Brief - What follows is a set of records; repeat them exactly, without the pictures.

--- Exercise inputs ---

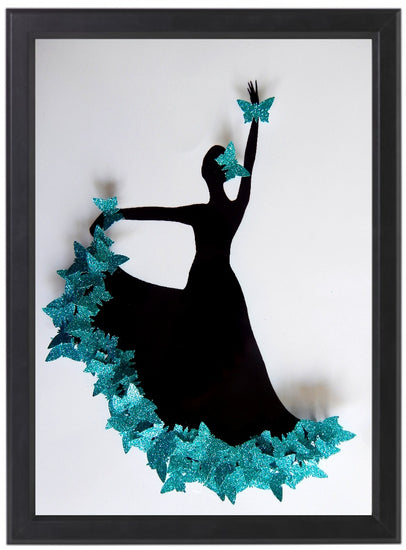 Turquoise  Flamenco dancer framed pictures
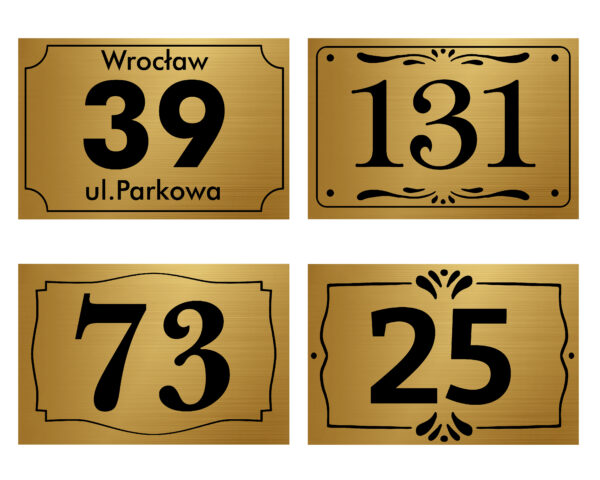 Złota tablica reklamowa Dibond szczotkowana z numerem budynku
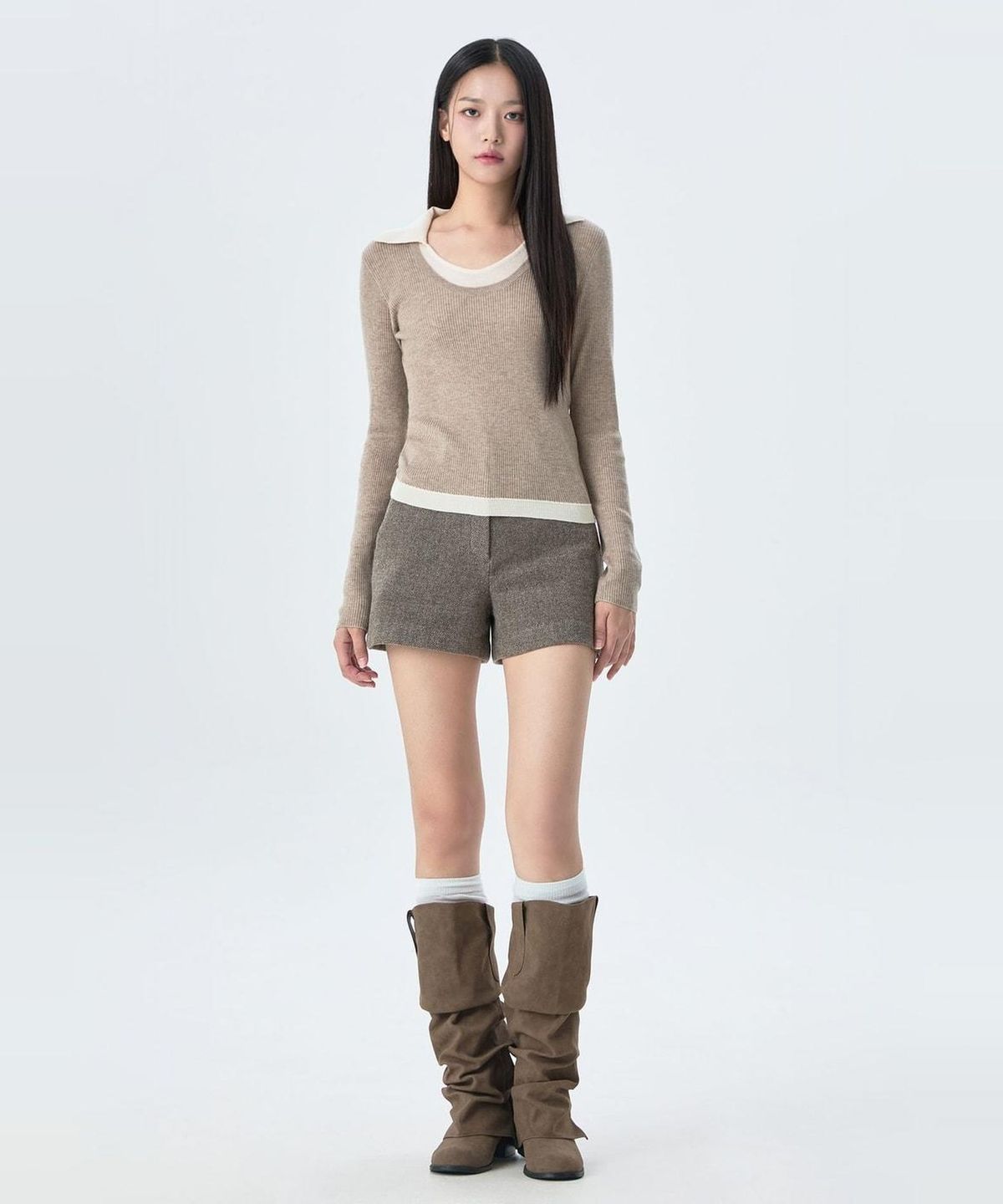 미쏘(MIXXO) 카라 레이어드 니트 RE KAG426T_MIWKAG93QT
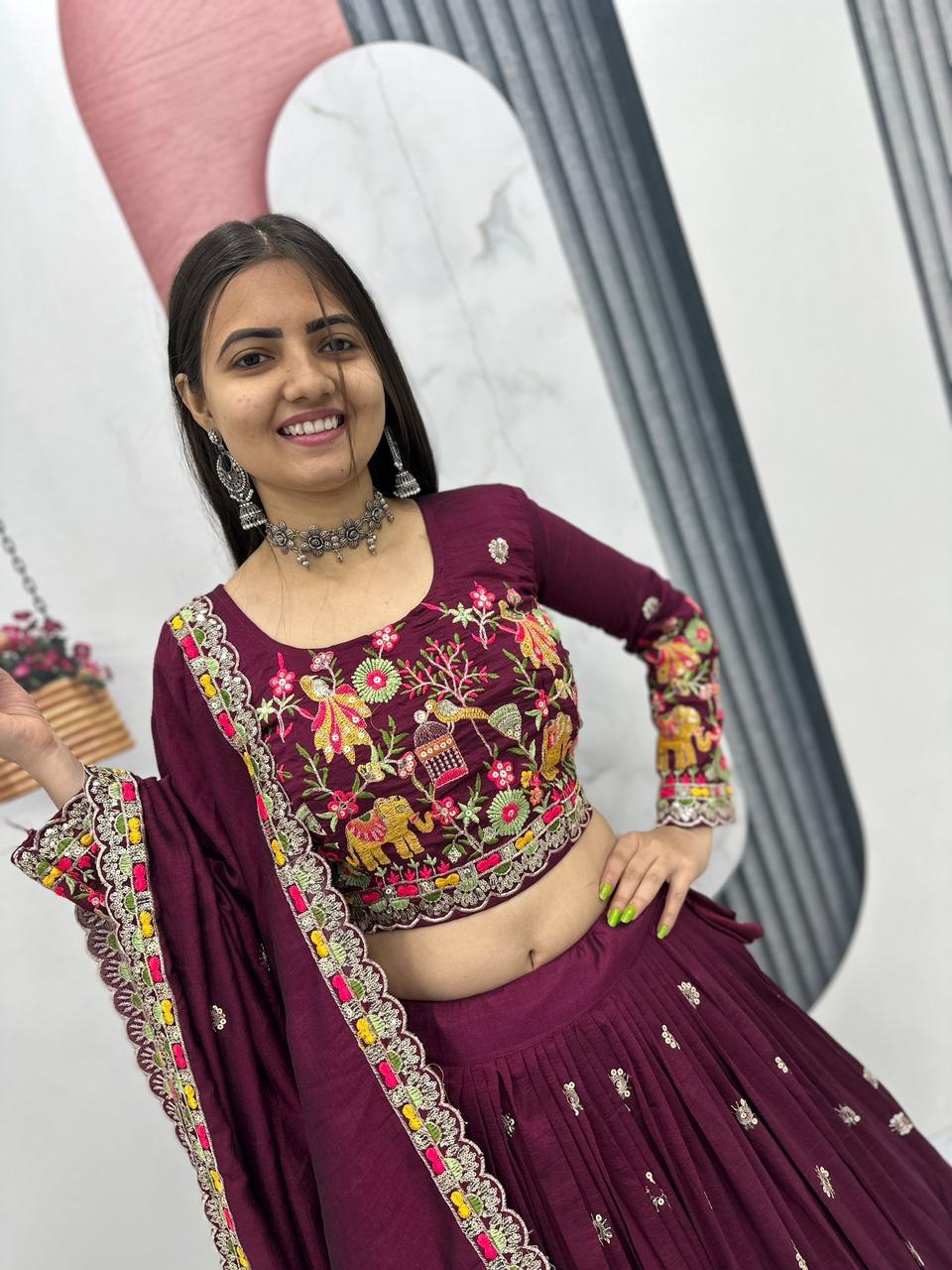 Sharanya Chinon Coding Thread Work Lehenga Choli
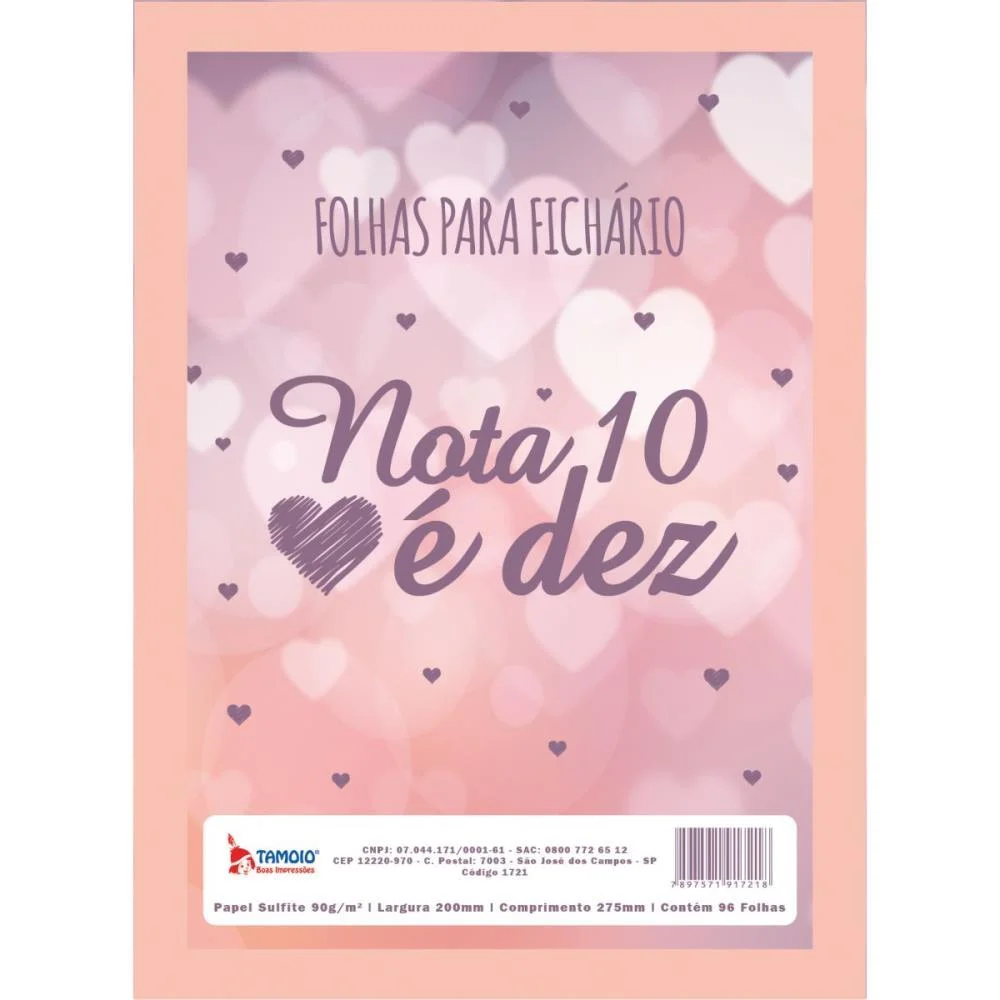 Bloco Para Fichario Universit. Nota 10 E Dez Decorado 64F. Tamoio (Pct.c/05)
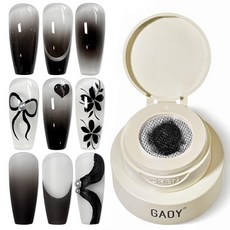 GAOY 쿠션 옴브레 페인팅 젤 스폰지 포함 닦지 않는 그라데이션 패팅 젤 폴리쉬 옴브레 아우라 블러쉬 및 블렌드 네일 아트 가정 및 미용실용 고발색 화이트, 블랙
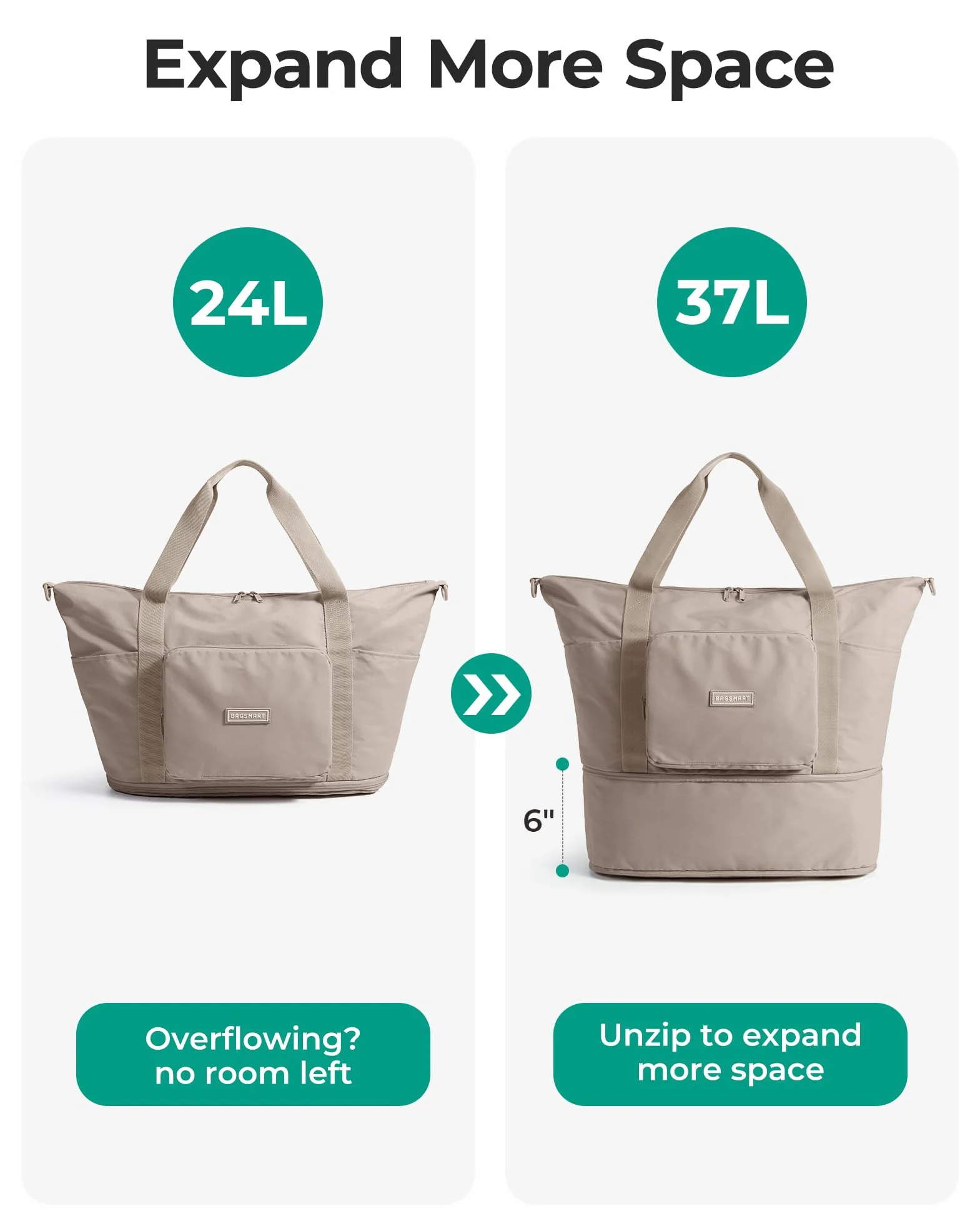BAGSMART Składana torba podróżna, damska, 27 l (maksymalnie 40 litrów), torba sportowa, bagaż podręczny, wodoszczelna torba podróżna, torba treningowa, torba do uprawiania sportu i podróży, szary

---

Answer to the exercise -
 Turquoise  Flamenco dancer framed pictures
 Złota tablica reklamowa Dibond szczotkowana z numerem budynku
 미쏘(MIXXO) 카라 레이어드 니트 RE KAG426T_MIWKAG93QT
 Sharanya Chinon Coding Thread Work Lehenga Choli
 Bloco Para Fichario Universit. Nota 10 E Dez Decorado 64F. Tamoio (Pct.c/05)
 GAOY 쿠션 옴브레 페인팅 젤 스폰지 포함 닦지 않는 그라데이션 패팅 젤 폴리쉬 옴브레 아우라 블러쉬 및 블렌드 네일 아트 가정 및 미용실용 고발색 화이트, 블랙
BAGSMART Składana torba podróżna, damska, 27 l (maksymalnie 40 litrów), torba sportowa, bagaż podręczny, wodoszczelna torba podróżna, torba treningowa, torba do uprawiania sportu i podróży, szary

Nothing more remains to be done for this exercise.